Mais Daniel Filipacchi sait se montrer convaincant : Frank restera en retrait, et la radio annoncera le nouveau programme comme « une émission de Daniel Filipacchi ». Le 19 octobre, Daniel présente Salut les copains pour la première fois. Désormais, sa vie ne sera plus jamais la même…
Salut les copains arrive au bon moment et accompagne la montée en puissance de l’adolescence. Les collégiens et les lycéens disposent enfin d’une émission diffusant une autre musique que celle de leurs parents. Entouré de son équipe - Josette Bortot- Sainte-Marie, Michel Poulain, Michel Brillié, surnommé Bernard, et Claude Cheisson à la technique. Daniel Filipacchi programme des musiques venues d’ailleurs que l’on n’entend nulle part à la radio : du rhythm and blues, de la soul, du rock’n’roll. À partir de 1962, l’éclosion de la vague « yé-yé » - une appellation que l’on doit au sociologue Edgar Morin - fera de Salut les copains la référence de toute une génération. Sa popularité doit aussi beaucoup au style si personnel de son animateur. Daniel « Oncle Dan »
Filipacchi se singularise par un ton inédit. Il tutoie ses auditeurs, séduit par sa simplicité et installe une ambiance décontractée, loin du sérieux un brin compassé des présentateurs de l’époque.

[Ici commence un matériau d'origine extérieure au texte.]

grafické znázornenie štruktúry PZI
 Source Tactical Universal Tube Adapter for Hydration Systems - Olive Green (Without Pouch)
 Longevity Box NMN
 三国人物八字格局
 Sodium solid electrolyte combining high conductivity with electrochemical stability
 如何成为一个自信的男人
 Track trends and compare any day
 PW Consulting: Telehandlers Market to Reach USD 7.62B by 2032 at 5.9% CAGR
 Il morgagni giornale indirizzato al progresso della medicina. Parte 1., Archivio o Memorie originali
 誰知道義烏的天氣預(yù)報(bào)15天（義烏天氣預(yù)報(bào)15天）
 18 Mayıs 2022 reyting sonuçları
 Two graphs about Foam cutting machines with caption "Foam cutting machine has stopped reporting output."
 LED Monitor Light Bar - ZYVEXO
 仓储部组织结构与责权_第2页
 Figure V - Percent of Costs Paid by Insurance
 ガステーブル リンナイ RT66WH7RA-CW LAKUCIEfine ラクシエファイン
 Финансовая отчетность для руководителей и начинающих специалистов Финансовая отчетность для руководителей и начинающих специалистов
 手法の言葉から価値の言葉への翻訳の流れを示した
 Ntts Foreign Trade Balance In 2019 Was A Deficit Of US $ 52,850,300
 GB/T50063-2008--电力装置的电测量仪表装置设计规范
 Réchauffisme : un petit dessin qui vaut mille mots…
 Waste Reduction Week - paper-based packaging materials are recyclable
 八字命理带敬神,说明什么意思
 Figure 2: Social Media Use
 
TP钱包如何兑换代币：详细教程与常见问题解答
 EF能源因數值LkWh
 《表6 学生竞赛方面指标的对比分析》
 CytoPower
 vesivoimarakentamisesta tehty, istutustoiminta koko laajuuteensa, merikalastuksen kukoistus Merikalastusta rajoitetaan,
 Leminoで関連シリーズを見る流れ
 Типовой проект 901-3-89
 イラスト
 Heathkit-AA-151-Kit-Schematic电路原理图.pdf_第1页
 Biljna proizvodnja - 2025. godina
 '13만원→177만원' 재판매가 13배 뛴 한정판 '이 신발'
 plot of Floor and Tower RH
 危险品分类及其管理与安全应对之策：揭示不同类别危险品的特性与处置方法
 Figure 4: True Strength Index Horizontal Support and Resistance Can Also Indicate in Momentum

Il rapporte de ses fréquents voyages aux Etats-Unis les dernières techniques radiophoniques. L’émission ne cesse d’innover, créant les premiers jingles publicitaires. Madeleine Constant et Annick Beauchamps lisent avec le sourire les publicités à l’antenne tandis qu’André Arnaud, journaliste vedette d’Europe n° 1, présente tous les jours un bulletin d’information. Salut les copains connaît tout de suite le succès, et les lettres enthousiastes s’entassent dans le petit bureau d’Europe n° 1.